So after something of a hiatus, I’m dating again. I predict this will last about three weeks before I remember how much I hate it and go back to putting all my energy into work and all my free time into deciding which endurance sport to train for next. I don’t want it to be this way, and not just because marathon finisher medals don’t go out and buy me soup when I’m sick. Dating isn’t supposed to be a horrible, exhausting exercise in futility. It should be a fun way to get to know new people, and, if one so desires, a good way to start a relationship. So why isn’t it?
My current theory is that too many of us are dating defensively. By this, I don’t mean when you let your roommate and at least five of your closest friends know exactly where you’re going, and when you think you should be back by, and when they should call you with a fake emergency, and when they should actually call the cops because you might have accidentally gone out with an ax murderer. That’s not defensive dating, that’s just being safe. Defensive dating is when we go into dating not to get to know someone new, but to avoid getting hurt. It’s when you really like someone, but instead of acting like it, you play it super cool, taking your time responding to calls or texts, trying to act unavailable when all you want to do is spend more time with this person.
How I Met Your Mother did a great job of going through many of the defensive dating cliches. There’s the Three Day Rule, which dictates how long one is supposed to call after getting someone’s number. There’s the Platinum Rule, which states you can’t date someone who you see on a regular basis, lest things end poorly. The Date-Time Continuum dictates you can’t make plans with someone any farther into the future than the amount of time you’ve been dating someone. All of these things put us on the defensive, assuming that the person doesn’t want to hear from us right away, or that it’s inevitable that things won’t work out.
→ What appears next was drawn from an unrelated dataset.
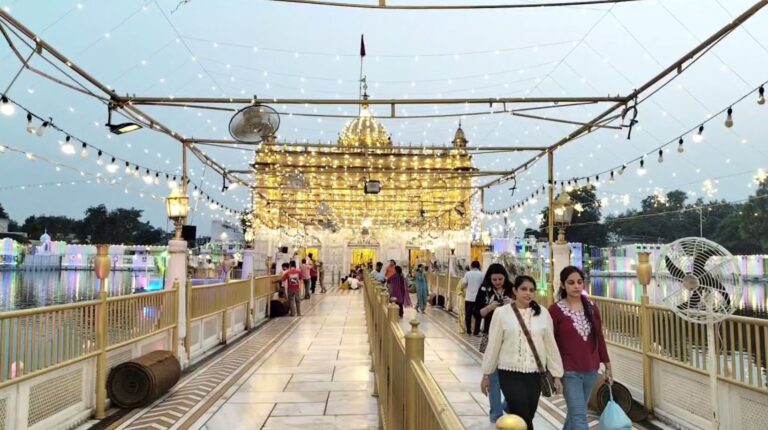 ਅੰਮ੍ਰਿਤਸਰ ਦੇ ਦੁਰਗਿਆਣਾ ਮੰਦਰ ਜਨਮ ਅਸ਼ਟਮੀ ਦੀ ਧੂਮ/  ਧੂਮਧਾਮ ਨਾਲ ਮਨਾਇਆ ਸ੍ਰੀ ਕ੍ਰਿਸ਼ਨ ਜਨਮ ਉਤਸਵ/ ਤੜਕੇ ਤੋਂ ਹੀ ਉਮੜੀ ਸ਼ਰਧਾਲੂਆਂ ਦੀ ਭੀੜ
Defensive dating takes many forms in real life, too. For some of us, it’s scheduling a date at 7 when we know we have plans with friends at 9 so we have an automatic excuse to get out if it’s going badly, or to seem busy and popular if we’re trying to impress the person. For me and several of my friends, it’s not actually putting someone’s name in your contacts until you think it might last more than a few dates. For one of my coworkers, it’s not giving a guy a personalized ringtone because every time she does, things end shortly thereafter. Lately I haven’t even wanted to talk about promising dates with friends for fear I might jinx something. No one wants to look too eager or too available. No one wants to admit they might actually like someone, because it means admitting we’ll be upset if they don’t like us back.
I can see the reasoning behind not wanting to appear to enthusiastic — no one wants to be a Stage 5 Clinger. A friend recently went on a series of pretty good dates with a smart, funny, generally reasonable human, but when that person started sending upwards of 30 texts a day, she became a bit leery. I’ve gone on dates that seemed okay until the person followed up the date with a phone call, and before I had the chance to respond to said phone call that same person followed up with a text message requesting my email address. In theory, this shouldn’t be as much of a turnoff as it is.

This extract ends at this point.